Иван Сабило - Крупным планом, 2006[роман-дневник]
Так что душа сопротивляется, но мой разум ратует за путь познания. Может быть, если бы я, как Адам, находился в раю, не понадобился бы мне столь трудный путь. Но вне рая он просто необходим. По крайней мере, я должен знать, что со мной случится, если я упаду в пропасть. И, по возможности, уберечься.
Да, но, может быть, руководство писательской организацией и есть моя пропасть? А если все-таки не пропасть, то определенно дорога, которая приведет меня к уйме врагов. И осилить их мне помогут только строгость моих поступков и незыблемость морали.
Судьба и люди предлагали мне войти в историю петербургской писательской организации, и я не имел права отказываться. Но вот вопрос: кем войти, героем или статистом? Скорее всего, и тем и другим, в одно и то же время.

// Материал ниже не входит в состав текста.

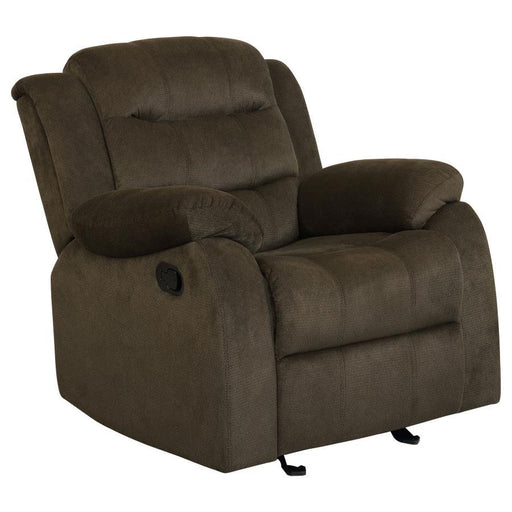 Rodman - Upholstered Padded Arm Glider Recliner - Olive Brown - JaxCo Furniture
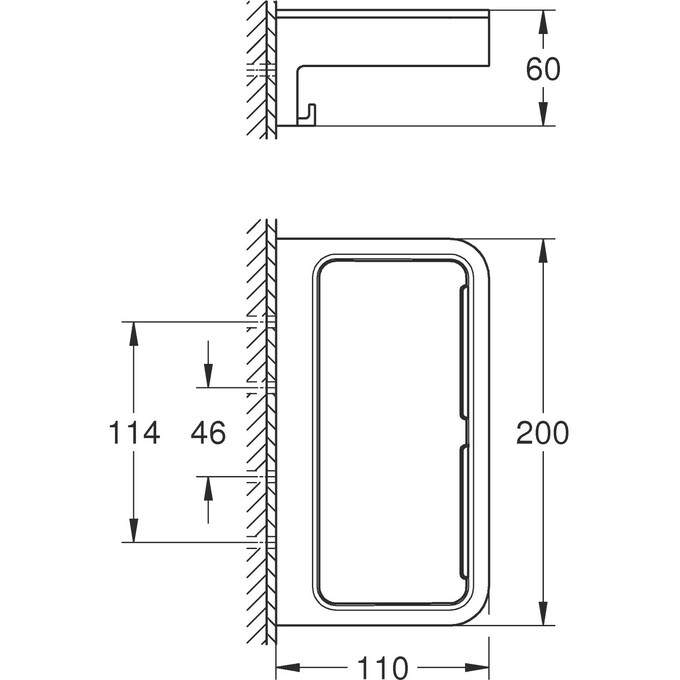 Полочка для душа Grohe QuickFix Start Cube 41107DC0 (суперсталь, с крючком), Цвет производителя: суперсталь, фото 6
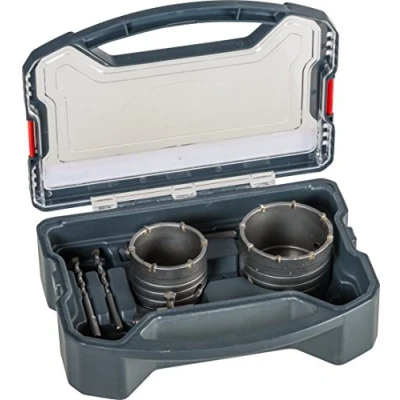 Image of Kwb Power Box Core Bit Set with Diameter Size 68 mm and 82 Carbide Tipped, Impact Resistant, Incl. 2X Centre Drill, SDS Plus Hexagonal Shaft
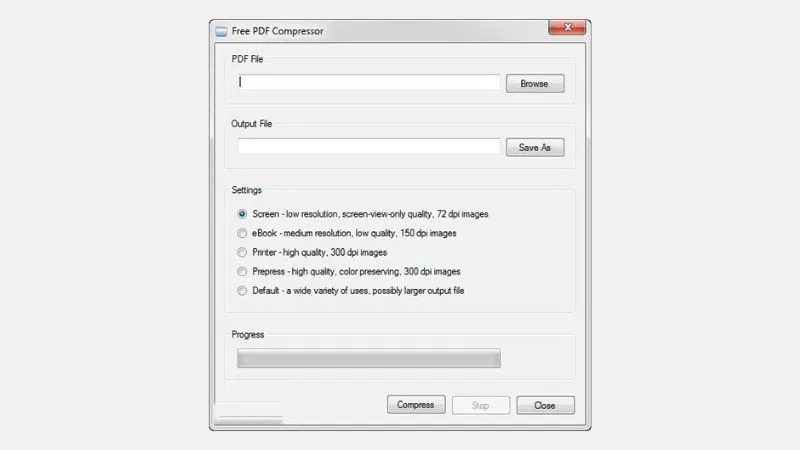 Giao diện ứng dụng Free PDF Compressor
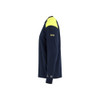 BLAKLADER 3483 Flame Resistant T-Shirt Navy Blue / Hi-Vis Yellow (Men) in Inherent Flame Resistant Jersey – alternate side view; Holster Pockets false, Features Inherent flame resistant; Antistatic quality; UV protected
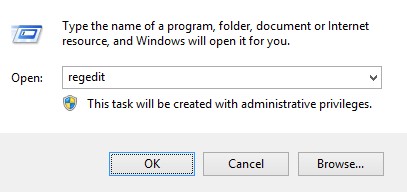 Zadejte text regedit.
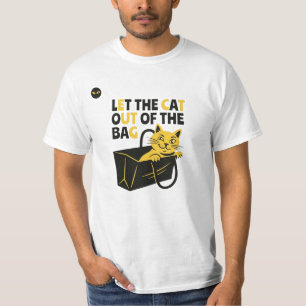 Lustige Katzen-Wortspiel Die Katze aus dem Sack T-Shirt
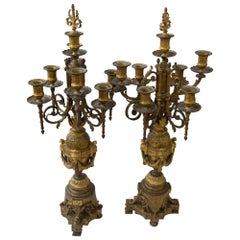 Large Gilt Bronze Six-Arm Candelabra, Pair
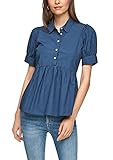 s.Oliver Damen Baumwollbluse mit Volant Faded Blue 44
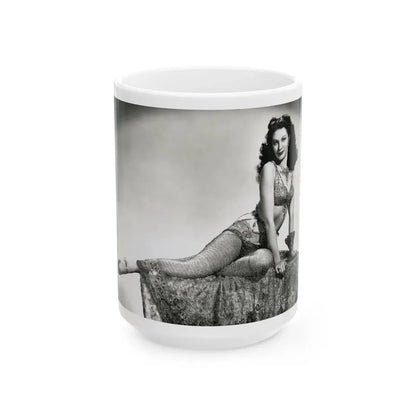 Yvonne DeCarlo #1371 (Vintage Female Icon) White Coffee Mug 15oz - Go Mug Yourself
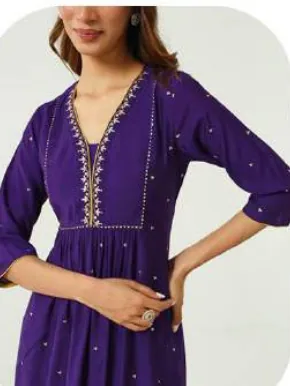 Purple Embroidered Chanderi Kurta Set with Dupatta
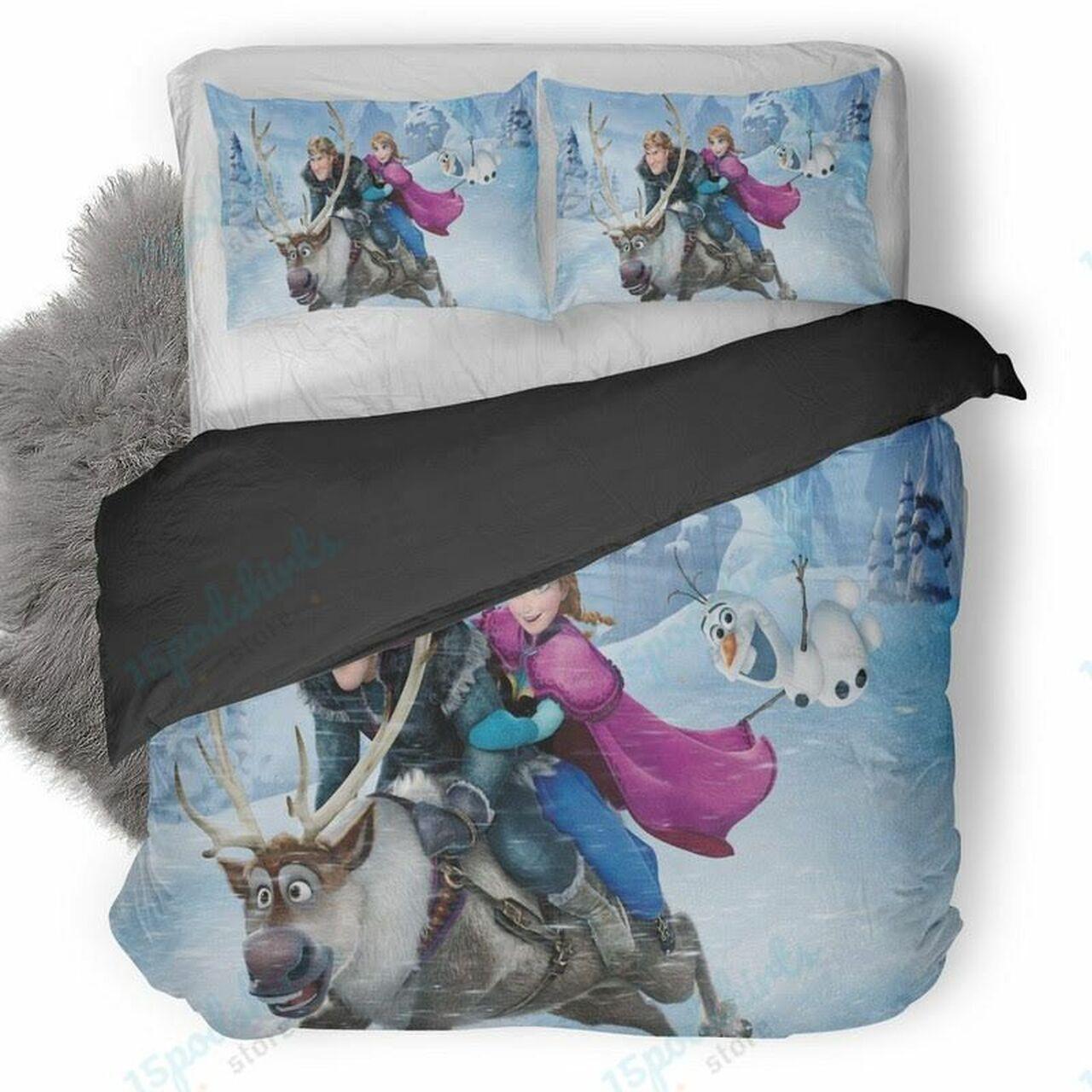 Disney Frozen Anna And Kristoff Driving A Donkey Beautiful Decor For Disney Fan Bedding Set Duvet Cover Meaningful Gift For Love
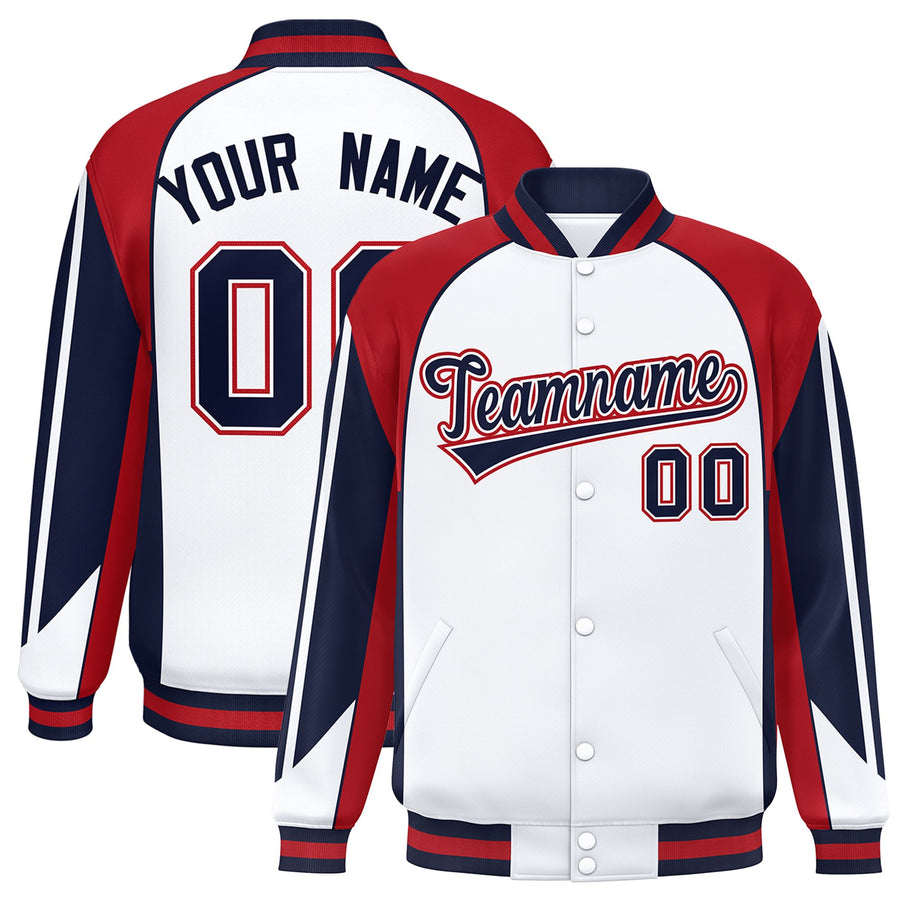 Custom White Red Varsity Full-Snap Personalized Raglan Sleeves Color Block Letterman Jacket | BuyFootballJersey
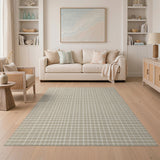 Beige Checkered Grid Area Rug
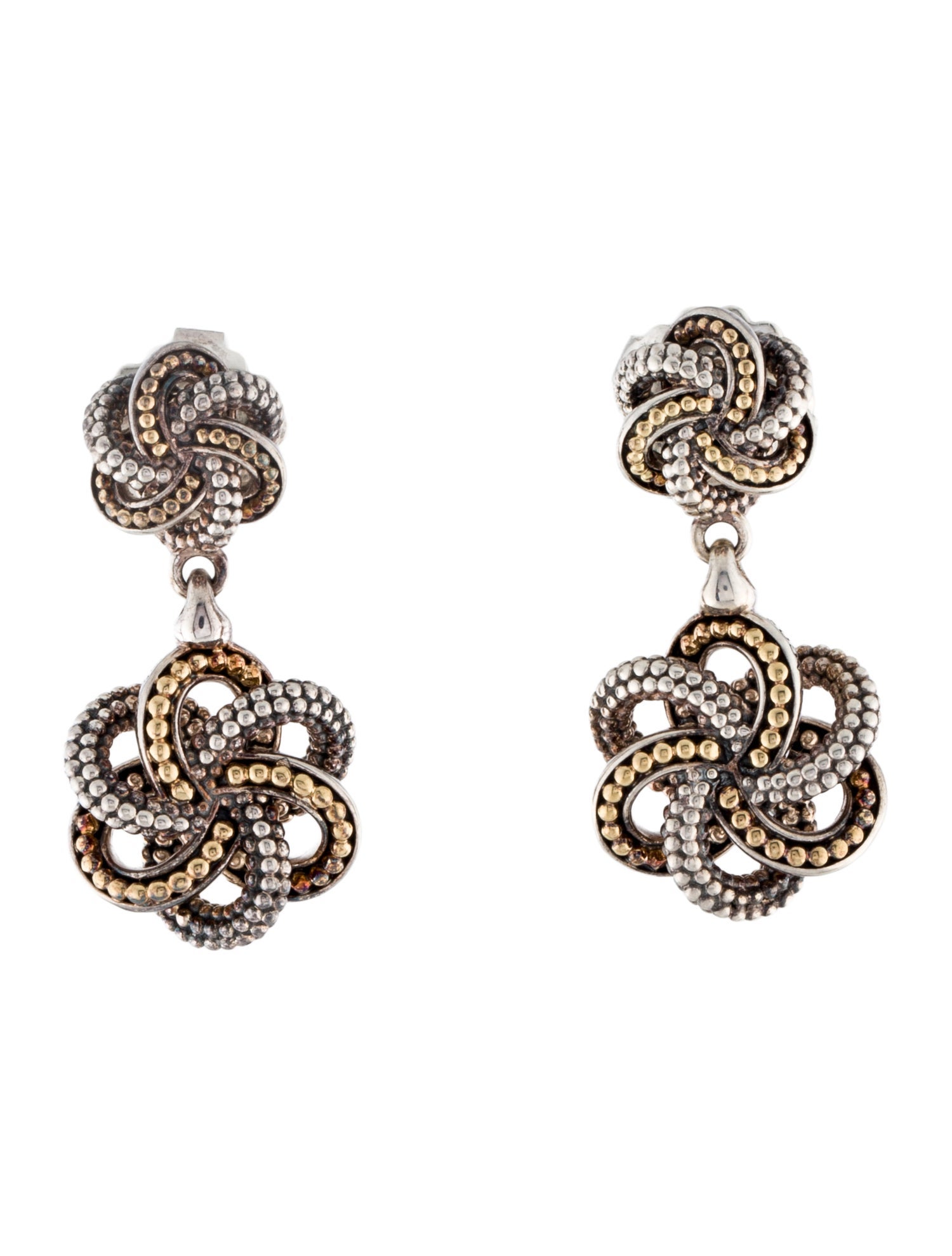 Lagos Two Tone Love Knot Drop Earrings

Град вопросов обрушился на меня. Самый ядовитый из них — нужны ли вообще творческий Союз и писатель как носитель нравственности и культуры, когда в изменившейся стране ничтожество с деньгами стало выше творца. И ответил себе — нужен, так как Союз писателей отделил художников слова от литературной богемы, много о себе понимающей и мало на что способной. Она уже создаёт свои объединения, вот пусть и пребывает в них, вознося и нахваливая друг друга. Возникали и другие вопросы, но, по-видимому, я был достаточно крепок, чтобы рухнуть. Особенно укрепил меня список писателей, на которых, как я считал, могу положиться:
Белинский Анатолий Иванович,
Бурсов Борис Иванович,
Воронин Сергей Алексеевич,
Горбовский Глеб Яковлевич,
Горышин Глеб Александрович,
Коняев Николай Михайлович,
Кузнецов Вячеслав Николаевич,
Сергеева Ирэна Андреевна,
Сергуненков Борис Николаевич,
Скатов Николай Николаевич,
Скоков Александр Георгиевич…
Да, всё так. Я всё правильно понимал. Но я чувствовал, что во мне, и не в каком- то определенном месте — в груди там или в голове, — а во мне во всём, открылась рана. И болит, и будет болеть, пока я не найду себе главного занятия. Нет, даже не болит, как болят телесные раны, а беспокоит, тревожит, как могут беспокоить и тревожить только раны душевные… И, как это часто бывает, после длительных и трудных размышлений, делаю вывод: умирать я буду длительно и трудно — много грехов. Телу моему, прежде чем отпустить душу для вечной жизни, тоже придётся покрыться ранами. И отболеть, оттерпеть за то, что я, по несовершенству разума своего, а возможно, по недооценке жизни своей как главного дара, тратил себя не по назначению. Но всё это потом, а сейчас у меня достаточно сил для того, чтобы их лишиться.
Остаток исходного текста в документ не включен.